Une tête se lova dans le creux de son cou. Elle appartenait à un garçon aux cheveux blonds, un jeune homme qu'elle connaissait bien.
La jeune fille sentit ses dernières barrières s'effondrer, celle qu'elle avait mis tant de mal à construire autour de son cœur. Alors, une larme dévala le long de sa joue gauche. Puis une seconde sur la droite. Elle pleura en silence, contenant pudiquement toute la rage et l'impuissance qui pourtant ne demandaient qu'à être évacués.
Sans rien dire, une main sécha alors ces gouttes d'eau salées, après quelques secondes d'hésitation.
Sa main.
Le jeune homme qui l'avait rejoint retira ses bras puis força son amie à se tourner, de sorte qu'ils puissent tous les deux se regarder dans les yeux. Il lui sourit doucement, d'un rictus si chaleureux et tellement sincère, pas celui arrogant et sûr de lui qu'il avait pourtant l'habitude d'arborer. Il prit ensuite le visage de son amie entre ses mains et colla son front au sien, dans un geste purement protecteur.
– J'ai confiance en toi, dit-il dans un murmure, d'une voix si profonde et si chaude.
Les deux compagnons restèrent dans cette même position de longues secondes. Cependant, au bout d'un certain temps, la jeune fille attrapa les mains de son camarade et les écarta de son visage, le regard étrangement fuyant, des rougeurs naissants sur ses joues rondes. Non qu'elle n'aimât pas ce contact, bien au contraire, elle aurait souhaité demeurer ainsi pour l'éternité. Elle fit ce geste tout en baissant nerveusement la tête, fixant ses pieds avec gravité.
– Je dois vraiment le faire ? questionna-t-elle d'une voix brisée par des sanglots refoulés.
– Bien sûr. Rappelle-toi qui tu es.
– L'Enfant aux Yeux Rouges, murmura la jeune fille pensivement. Mais, et si ce n'était pas moi ?
– Alors qui d'autre ?
L'adolescente lui tourna une nouvelle fois le dos, cette fois-ci pour cacher ses larmes. Elle n'aimait pas que l'on puisse remarquer à quel point elle pouvait être vulnérable. Elle lui en avait déjà trop dévoilé à son goût.
Une brise légère et salée, en provenance de la mer, passa furtivement entre les deux compagnons, soulevant leurs vêtements en tous sens qui s'agitèrent dans le vent. Tragiquement, les deux amis se faisaient face, mais l'un des deux refusait toujours catégoriquement tout contact visuel.
Des cris puissants se firent soudainement entendre en direction de l'épaisse forêt dans laquelle ils avaient décidé de passer la nuit ; la dernière avant la bataille finale.
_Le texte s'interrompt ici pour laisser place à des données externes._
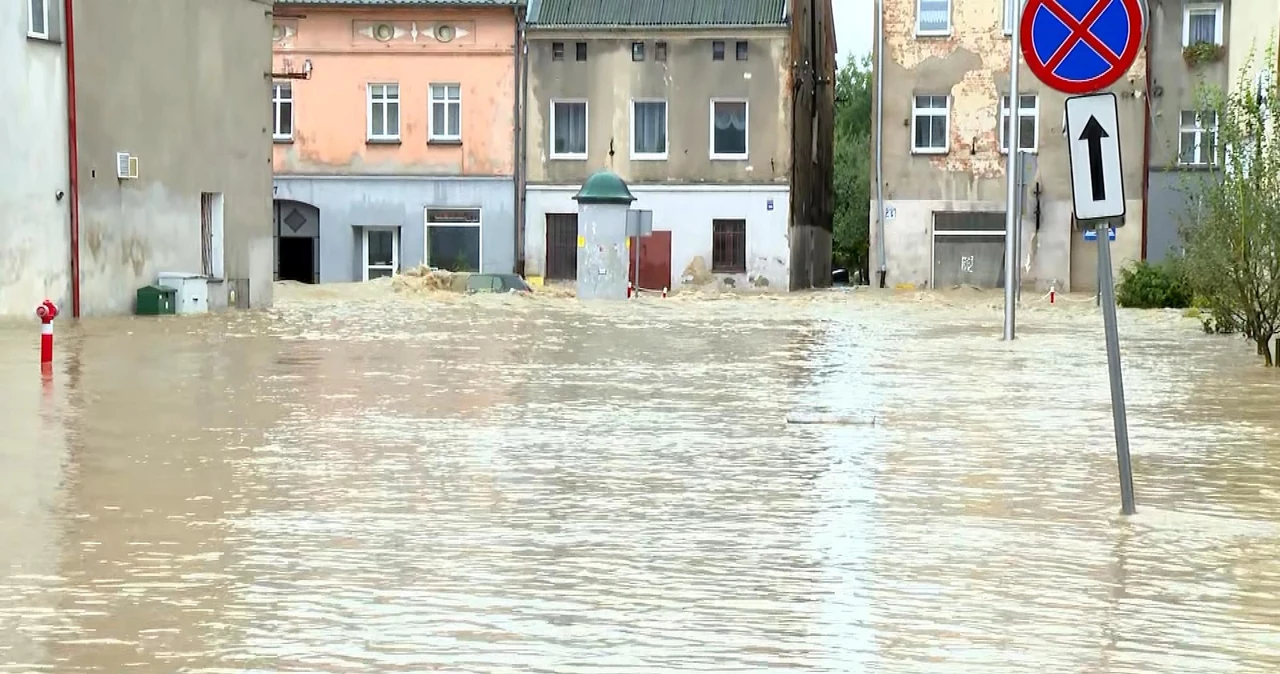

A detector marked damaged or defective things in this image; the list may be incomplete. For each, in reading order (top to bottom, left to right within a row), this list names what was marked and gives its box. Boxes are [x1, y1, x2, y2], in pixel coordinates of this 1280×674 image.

peeling plaster facade [272, 4, 522, 280]
peeling plaster facade [870, 0, 1152, 290]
– Ils arrivent, s'écria le jeune homme en perdant son sang-froid, son corps se tournant à moitié en direction des hauts arbres qui les toisaient en silence, tu dois croire en toi et accepter ton destin !
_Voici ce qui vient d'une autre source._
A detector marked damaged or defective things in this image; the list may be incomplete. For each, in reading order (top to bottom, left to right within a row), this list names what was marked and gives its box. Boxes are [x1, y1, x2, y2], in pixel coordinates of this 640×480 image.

L'adolescent lui tendit une main, invitant son amie à le suivre, la suppliant par la seule force de son regard.
La jeune fille aux pupilles couleur du sang la fixa un instant, les yeux complètement dénués de toute émotion. Elle devait faire le vide dans ses pensées. Ne plus rien ressentir, au risque de flancher, quitte à faire du mal aux autres. À se faire du mal à soi-même...
Elle ne saisit pas sa main. Elle se contenta de le contourner, le regard fixé en direction de la forêt, son esprit déjà présent sur le champ de bataille.